Скрябин… Он всё настойчивее уходил из музыки в какое-то неведомое «преображение вселенной». Будто чувствовал, что столь знакомый мир в скором времени с неизбежностью рассыплется. Война явила воочию, что в человечестве пробудился «сатанический элемент», но… «Войной это дело не ограничится, — внушал современникам Скрябин. — После войны пойдут огромные перевороты, перевороты социального характера… Затем начнётся выступление оставшихся рас и народов, восстанет Китай, Индия, проснётся Африка…» Он был уверен: «В ближайшие годы мы проживём тысячи лет…»
Мироздание покачнулось, во вселенной что-то «сдвинулось». Своим творчеством Скрябин пытался содействовать грядущему обновлению. Он торопил его.
2 апреля, в Петрограде, Александр Николаевич даст один из самых незабываемых своих концертов. Очевидцы припомнят его небывалую вдохновенность. И вместе с тем — странную подавленность.
В последние годы Скрябин работал над «Предварительным действом», грандиозным произведением, призванным стать первым шагом к всеобщему преображению. Друзей уверял, что всё сочинил, осталось только записать на ноты.

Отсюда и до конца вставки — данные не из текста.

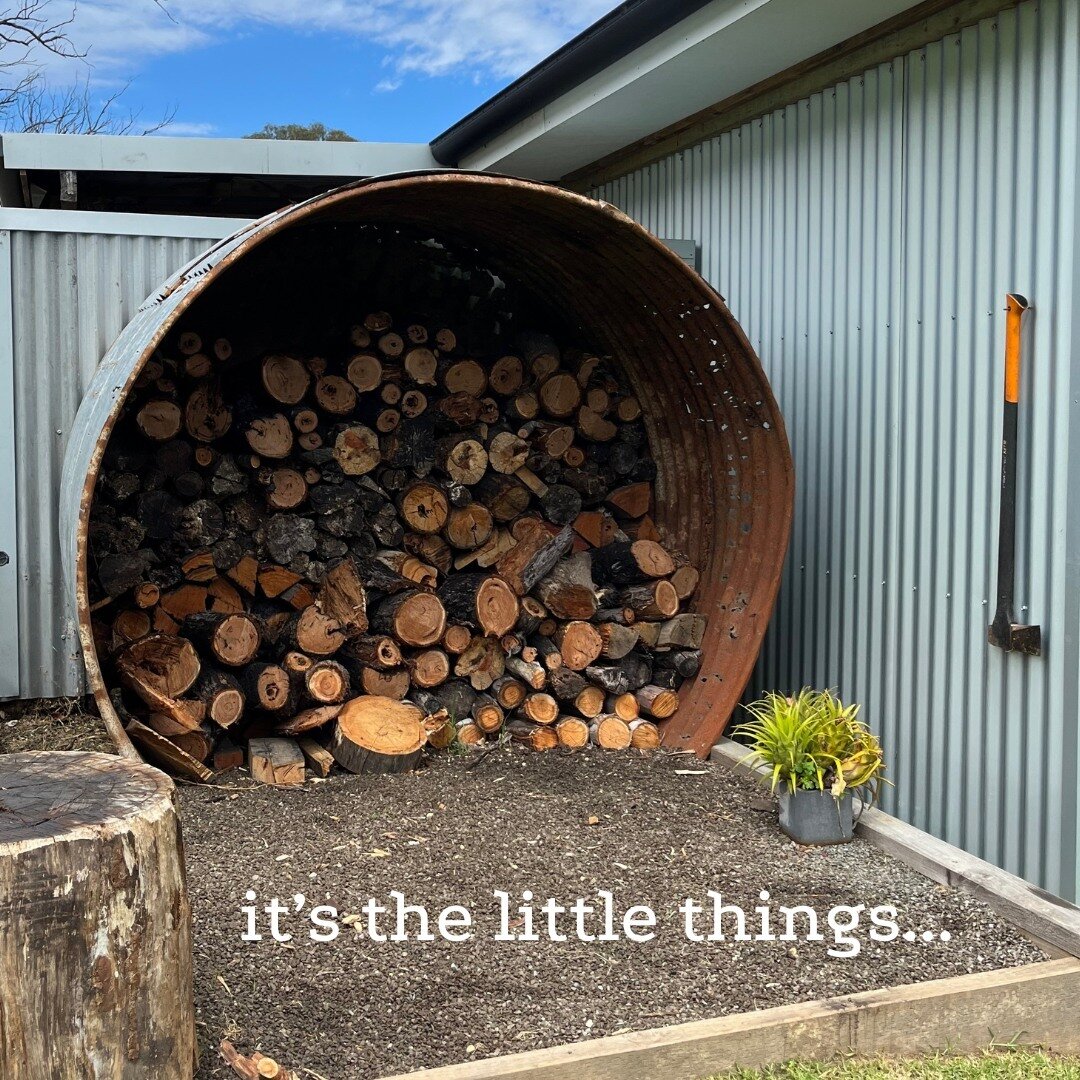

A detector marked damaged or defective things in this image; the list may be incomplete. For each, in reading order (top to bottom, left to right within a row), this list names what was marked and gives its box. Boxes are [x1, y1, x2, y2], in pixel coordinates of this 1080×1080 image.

6 апреля его увидят бодрым, готовым переносить выношенное в голове необычайное детище на ноты. 7-го — он сляжет. Рахманинов узнает о тяжкой болезни консерваторского товарища 14-го утром. Быть может, прочитал объявление в газете «Утро России»?
«…K вечеру третьего дня температура несколько понизилась, а после произведённой вчера вечером операции появились симптомы, позволяющие надеяться, что непосредственная опасность миновала»…
Сергей Васильевич поспешит навестить консерваторского товарища — и не застанет его в живых.
В этой смерти было нечто роковое. Какой-то случайно сорванный на губе прыщик, следом — заражение крови. Больной испытывал невероятные боли перед смертью… В уходе Скрябина современники готовы были видеть и нелепую случайность, и предначертание.
Церковь Николы на Песках всех вместить не могла. Внутрь пускали по билетам. Толпа заполнила площадь рядом с храмом.
Речь священника — отца Василия Некрасова — позже будут вспоминать: «Помолимся же, да воспарит его светлый дух к Богу, Которому он служил своими художественными взлётами, в неземную высь, и, как на крыльях серафимских, нашими молитвами да вознесётся его душа в царство вечной красоты, и там, в небесной гармонии ангельских славословий, да найдёт она полное удовлетворение своим земным, не достигнутым вполне устремлениям, а с ними истинное для себя счастие и нескончаемую радость безмятежного покоя».